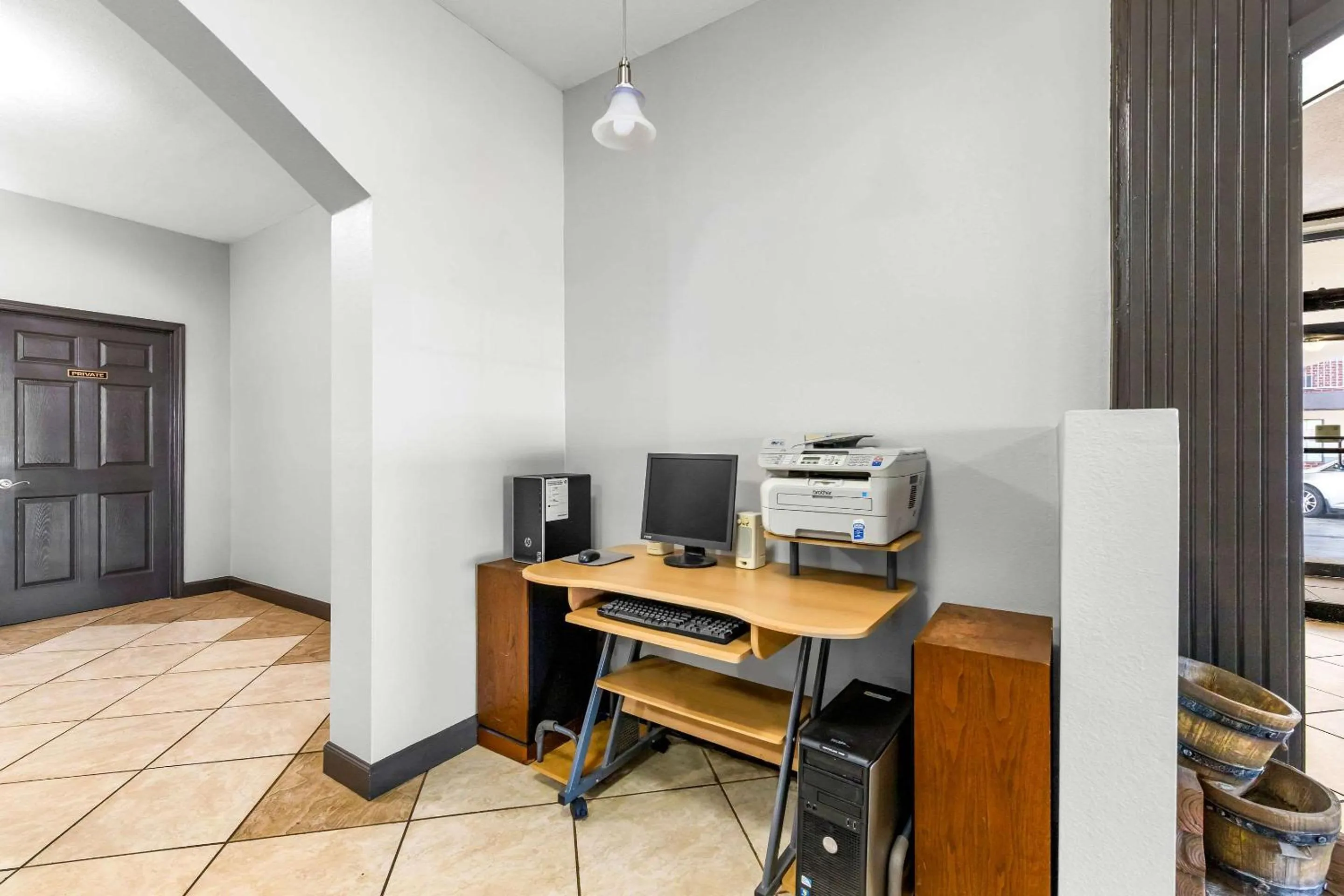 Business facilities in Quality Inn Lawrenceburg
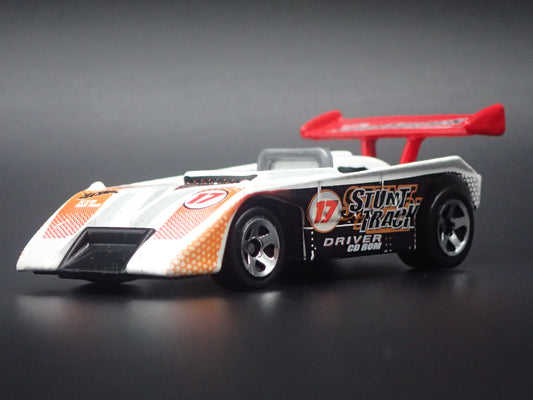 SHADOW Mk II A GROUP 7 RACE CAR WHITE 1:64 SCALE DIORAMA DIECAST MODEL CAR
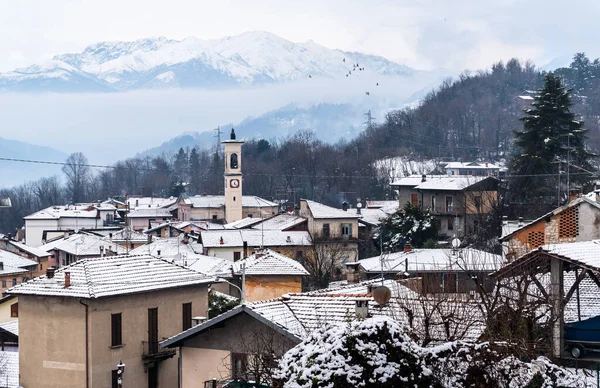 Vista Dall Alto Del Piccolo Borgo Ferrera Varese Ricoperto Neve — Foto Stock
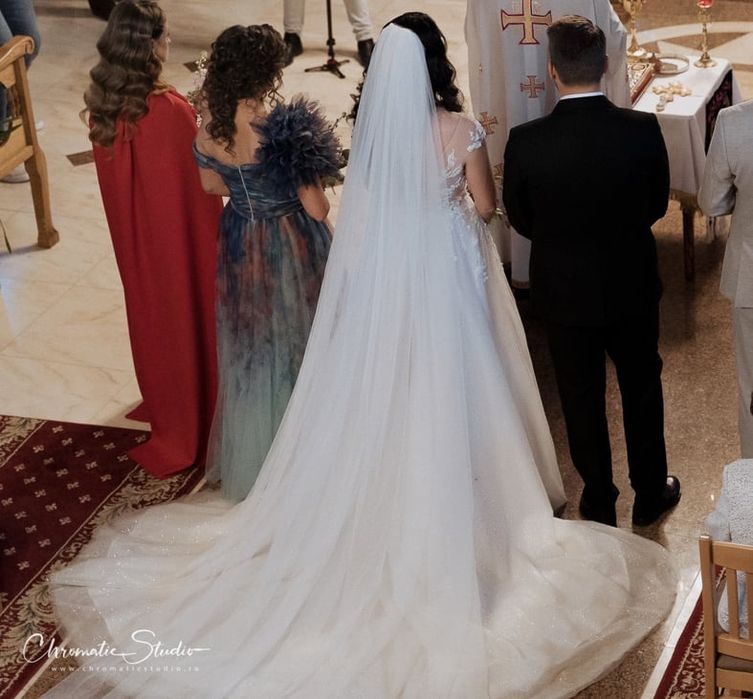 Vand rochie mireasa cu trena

▸ **WHAT YOU SHOULD DO**
Without changing a word, transcribe all of the data and omit its images.

▸ **ANSWER SECTION**
 Business facilities in Quality Inn Lawrenceburg
 SHADOW Mk II A GROUP 7 RACE CAR WHITE 1:64 SCALE DIORAMA DIECAST MODEL CAR
 Vista Dall Alto Del Piccolo Borgo Ferrera Varese Ricoperto Neve — Foto Stock
 Vand rochie mireasa cu trena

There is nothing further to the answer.